Gadag Institute of Medical Sciences 

Gadag Institute of Medical Sciences is an Indian government medical college. It is located in Mallasamudra village of Gadag, Karnataka, India. The institution is affiliated with Rajiv Gandhi University of Health Sciences and offers courses for medical, paramedical and nursing students.

The College is spread over 54 acres of land, beside Lush greenery Mountains and Windmills in the premises of District Hospital at outskirts of Gadag.

This Medical College building covers 51,000 sq. meter of the area where Two Examination halls available each with 250 Seating capacity.

The institute is fully equipped with Laboratories, Museums,Amphitheatre  and there are 6 Lecture Halls available, 5 lecture halls situated in college each with 180 seating capacity and one in hospital with 200 Seating capacity.

There are 302 well educated Teaching Faculty available. This College has separate common rooms for boys and girls each with 160sqm with attached toilet facility.

Library
The Central Library of the college spreading over 2400sq.m, 5513 books and 28 Indian,12 foreign journals.

And has a wide collection of medical literature including Books, Reference Sources, CD, DVDs, Journals, E-Journals, E-books and pamphlets to the faculty and medical students.

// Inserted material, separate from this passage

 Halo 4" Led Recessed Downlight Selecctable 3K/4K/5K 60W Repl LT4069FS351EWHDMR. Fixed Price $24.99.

This library has 600 seating capacity.

Gadag Institute of Medical Sciences Ranking 
Below College Ranking is based on How parents and students Preferred Gadag Institute of Medical Sciences during  NEET UG 2021 MCC and state counselling.

All India Ranking is 254

Karnataka State Ranking is 22.

Affiliated Teaching Hospitals
 Affiliated Teaching hospitals with the institution are:
 Government District Teaching Hospital Gadag
 Dundappa Manvi Maternal and Child Health Care Hospital, K.C. Rani Road, Gadag
 Urban Health Training Centre, Gandhi Circle,  Gadag
 Primary Health Centre,  Hulkoti
 Primary Health Centre, Nagavi
 Shirahatti Taluk Hospital,  Shirahatti 
 Lakshmeshwar Taluk Hospital,  Laxmeshwar

UG / PG Courses Offered by the Institute

Undergraduate courses
The college offers four and a half year M.B.B.S courses with a one-year  Compulsory Rotating Medical Internship at the above mentioned  Affiliated Teaching hospitals. 

Undergraduate courses include M.B.B.S,  Bachelor of Science in Nursing and  Diploma in Nursing.

Postgraduate courses

Gadag Institute of Medical Sciences is the only college overseen by the  National Board of Examinations to offer a Post-graduate  DNB course in surgery in Karnataka.

The institute is the only medical college in India to obtain post-graduate seats in its all clinical departments within five years of its inception.

Admission is coordinated through PG  NEET conducted by  DNB, India.

Post-graduate courses including  MD,  MS,  DNB, and  CPS are offered.

Departments
 Anatomy
 Physiology
 Biochemistry
 Pharmacology
 Pathology
 Microbiology
  Forensic medicine
 Community Medicine
 General medicine
  Pediatric
 TB and Chest
  Skin & V D
 Psychiatry
 General surgery - The college is presently permitted by the Indian government to run a DNB course in surgery. This is the first post-graduate course to be offered.
  Orthopedics
  ENT 
 Ophthalmology
  OBG
 Anesthesia
 Radiology
 Dentistry

Hostel 
Boys hostel has 90 rooms and girls hostel has 90 rooms with 24 hours of well-maintained drinking & Non Drinking water supply.

Recreation facilities, visitor room, Airconditioned and computer with internet facilities are available.

Students get food from the hygienic kitchen with comfortable Dining system.

Well equipped recreation room and gymnasium for physical workouts for better health maintaining practice, and sports activities and training for sports dreamed students.

It has large and spacious TV room for students relaxation with regular vigilance by the anti ragging squad for controlling ragging problems from and for the students.